So far, we have been using linear models which assume that our response variable is continuous. In earth and life sciences (ecology in particular) we are often working with discrete data, such as count data and binomial (presence/absence) data.
The linear models we have been using so far have been assuming a normal (or gaussian) distribution in our data. Generalised linear models (GLMs) allow us to fit alternative distributions to our data in order to more accurately analyse them.
GLMs do make some important assumptions which we will need to check when we construct the model.

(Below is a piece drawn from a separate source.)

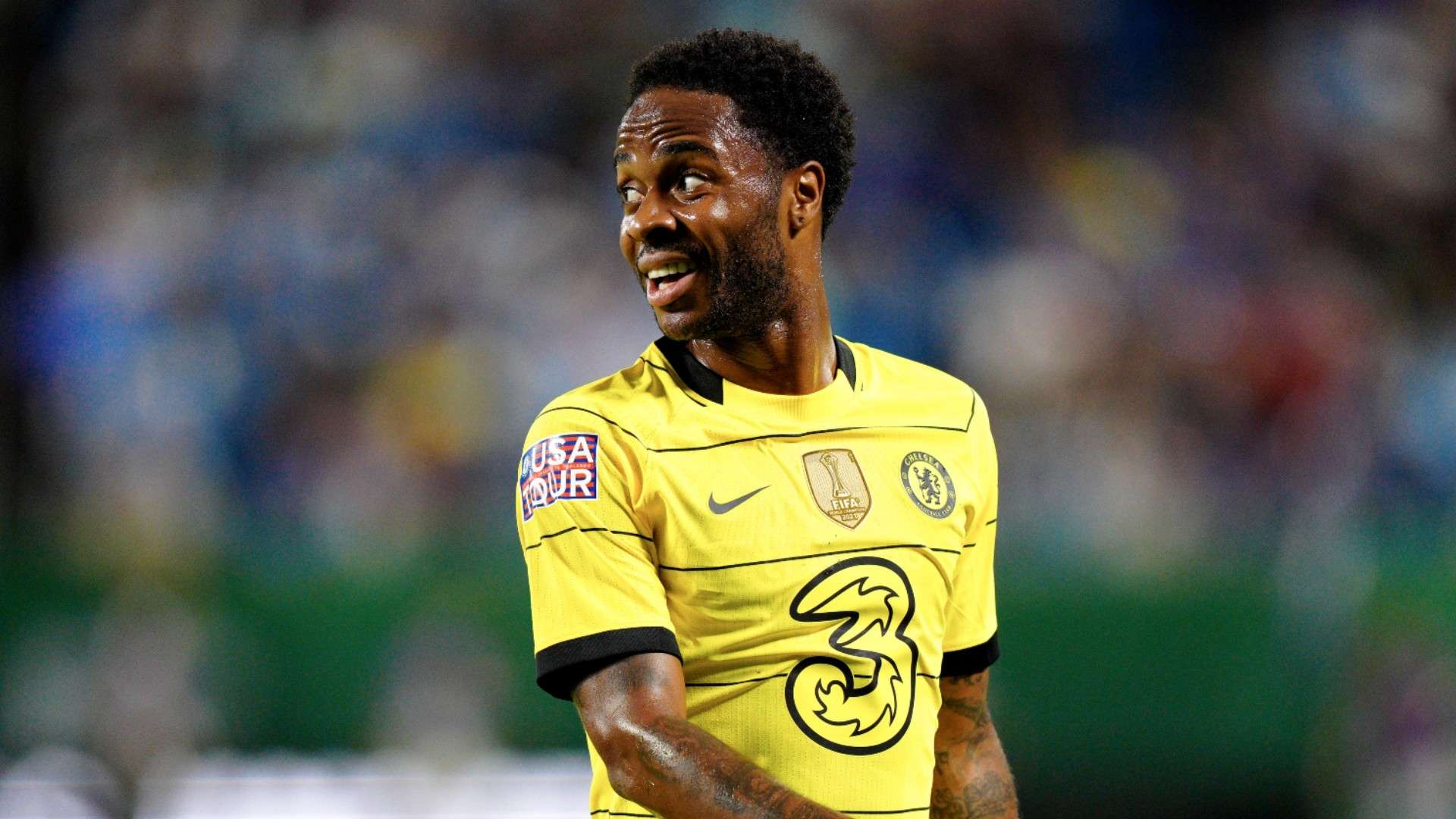 他顶尖球员 他顶尖球员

Our binomial (logistic regression) does have some assumptions, but thankfully it is fairly resiliant and we dont need to test them. For any other distribution (poisson, gamma etc.) these are cruical.
It is important to note that part of fitting a GLM is using a link function. I won’t be explaining these in detail (yet), all you need to know is the default link method for binomial data is the logit() method. For more information see ?family
.
For this analysis, we will be using the nestpredation.csv dataset
str(nest) # view the structure
## 'data.frame': 20 obs. of 2 variables:
## $ shrubcover : int 16 20 11 15 19 31 5 12 9 10 ...

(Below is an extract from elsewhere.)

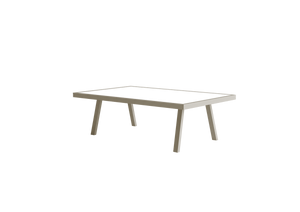 Pulva Coffee Table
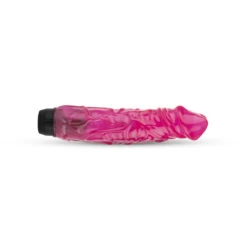 Easytoys Realistische Vibrator Jelly Supreme -Plein Winkel 1035803 4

## $ nestattacked: int 1 0 1 1 1 0 1 1 1 0 ...
# This is okay. Our nest attacked column is an integer, but the glm will tell it to input as binomial so we dont need to change anything.
nest.bin<-glm(nestattacked~shrubcover, data=nest, family=binomial)
The glm()
commands follows the same structure as the lm()
and aov()
with the inclusion of the extra argument family. Family is where we specify our distribution. In this case, for our logistic regression, we specify a binomial distribution.
Once we have constructed our model, we can use the anova()
command and the summary()
commands to look at our results. The summary()
commands p-values tend to be a little weird, so I prefer to use the anova()
command to look at variable significance, and summary()
to look at the model equation if I need it.
anova(nest.bin, test="Chisq") # anova test using a chisq instead of F
## Analysis of Deviance Table
##
## Model: binomial, link: logit
##
## Response: nestattacked
##
## Terms added sequentially (first to last)
##
##
## Df Deviance Resid. Df Resid. Dev Pr(>Chi)
## NULL 19 27.526
## shrubcover 1 9.0911 18 18.434 0.002569 **
## ---
## Signif. codes: 0 '***' 0.001 '**' 0.01 '*' 0.05 '.' 0.1 ' ' 1
There is strong evidence that the probability of a nest being attacked varies with shrubcover (p<0.01).
summary(nest.bin)
##
## Call:
## glm(formula = nestattacked ~ shrubcover, family = binomial, data = nest)
##
## Deviance Residuals:
## Min 1Q Median 3Q Max
## -1.8424 -0.5183 -0.2135 0.8024 1.5148
##
## Coefficients:
## Estimate Std. Error z value Pr(>|z|)
## (Intercept) 3.3782 1.6025 2.108 0.035 *
## shrubcover -0.1883 0.0857 -2.198 0.028 *
## ---
## Signif. codes: 0 '***' 0.001 '**' 0.01 '*' 0.05 '.' 0.1 ' ' 1
##
## (Dispersion parameter for binomial family taken to be 1)
##
## Null deviance: 27.526 on 19 degrees of freedom
## Residual deviance: 18.434 on 18 degrees of freedom
## AIC: 22.434
##
## Number of Fisher Scoring iterations: 5
Look at the differences in this table and the anova table. It’s hard to understand what is happening here and doesn’t provide you with the overall model effects, in most cases.